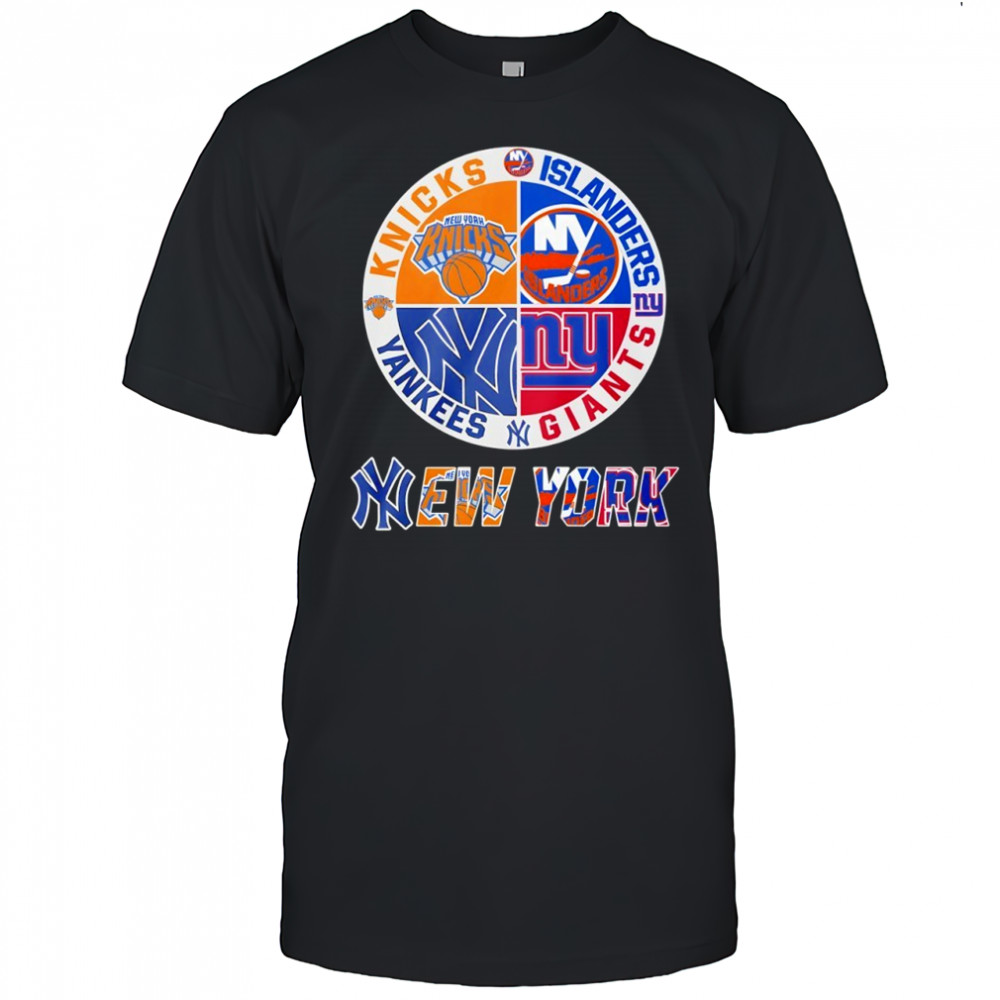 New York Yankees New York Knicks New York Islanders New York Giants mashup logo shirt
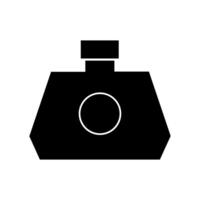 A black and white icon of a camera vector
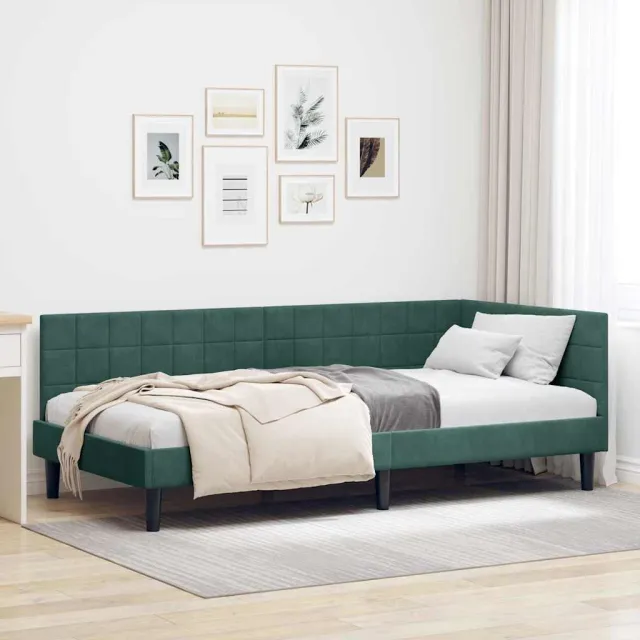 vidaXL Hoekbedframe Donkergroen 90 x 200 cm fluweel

▸ **EXERCISE DETAILS**: What you return should be the full listing, unchanged, minus the pictures.

▸ **EXPECTED ANSWER**:
 New York Yankees New York Knicks New York Islanders New York Giants mashup logo shirt
 A black and white icon of a camera vector
 vidaXL Hoekbedframe Donkergroen 90 x 200 cm fluweel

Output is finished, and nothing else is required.